Almost everyone I know if a cheesecake addict and I'm that lone person sitting there thinking, "what about more dinner?".  I rarely want dessert, I am much more of a savory person. You'll probably even notice that many of my 'sweet' recipes have a little unexpected herb or spice in them. After a meal, usually the last thing I want is a heavy dessert. These have that rich cheese flavor without leaving you feeling weighed down. And can we just talk about this Strawberry Glaze??? This is made from Strawberry Juice that you can extract right in your pressure cooker! This is going to be my new go-to syrup for basically everything.

To make the Glaze, you whisk together 1 C of your Strawberry Juice with 1/2 C sugar and 2 tsp of cornstarch. Keep whisking and bring to a simmer. Allow to cook a few minutes. Keep whisking!!
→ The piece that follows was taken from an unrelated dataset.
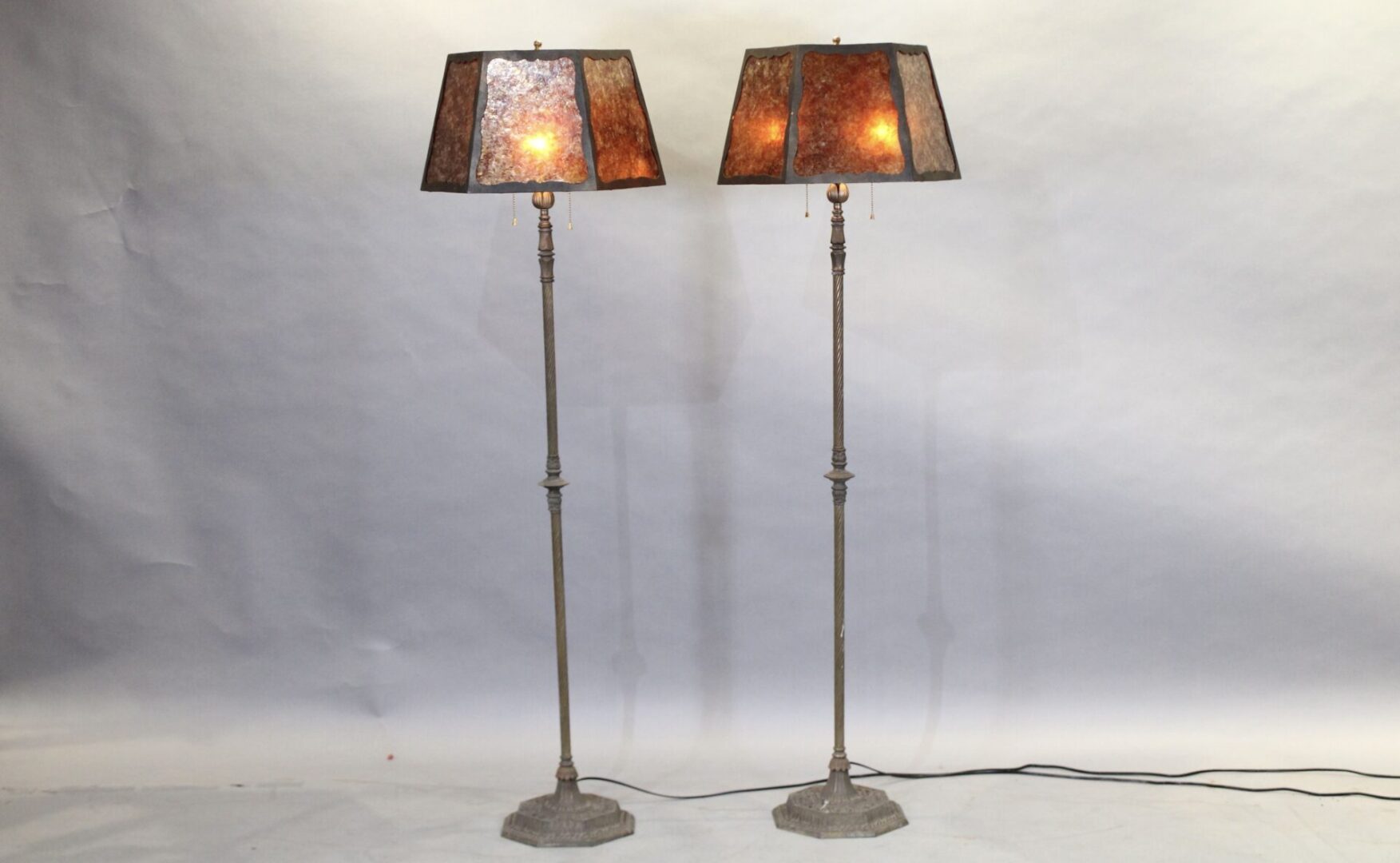 Two tall floor lamps with square shades.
After about 3-5 minutes your Glaze will stick to the back of a spoon. Shut off the heat and let it cool to room temperature while you make your cheesecakes!



Mini Strawberry Glazed Cheesecake (pressure cooker)
makes 8

for the crust
  • 3/4C graham cracker crumbs
  • 3 T melted butter
  • 1 1/2 T sugar
for the filling
  • 8 oz. cream cheese, room temperature
  • 3/8C or 6 T of sour cream
  • 1/2 c sugar
  • 1 t vanilla
  • 1 T lemon juice
  • 2 eggs, room temperature
You will also need 8 silicone muffin cup. If you make in a ramekin that will also work, you just won't be able to take them out to plate.

Directions
For the Crust:
Combine all ingredients Press about 1 tsp into the bottom of each muffin cup. Place in the freezer while you are preparing the filling (about 10 minutes)

For the Filling:
In your mixer, add cream cheese. (It is REALLY important that the cream cheese and eggs are room temperature. It will result in a much smoother cheesecake.) Add your sugar and beat for a few minutes to break up the cream cheese. When they are well creamed, add your vanilla and lemon, mixing for 1 more minute. Lastly, add your eggs. Mix until smooth, but not any longer.

Take your muffin cups out of the freezer and fill with batter to just below the top. Leave enough room to grab the edges to move into your steam basket.

Put about 1 C of water into your pressure cooker pot. Place in a trivet and steam basket, and put in your cheesecakes. Cook on Manual/high for 6 minutes. Allow for all NPR. When you remove the lid, do so slowly, so not all the steam escapes at once. Take the cheesecakes out of your pressure cooker to finish cooling. When they are room temperature (or chilled) you should be able to hold from the bottom and peel back the silicone muffin cup, essentially turning it inside out.

Top with your strawberry Glaze. 

I also added a little candied lemon zest. It's super easy to make. Just simmer with a 1:1 ratio of water and sugar for about 6 minutes. Remove zest only to a plate to cool for a few minutes, then toss in a little sugar.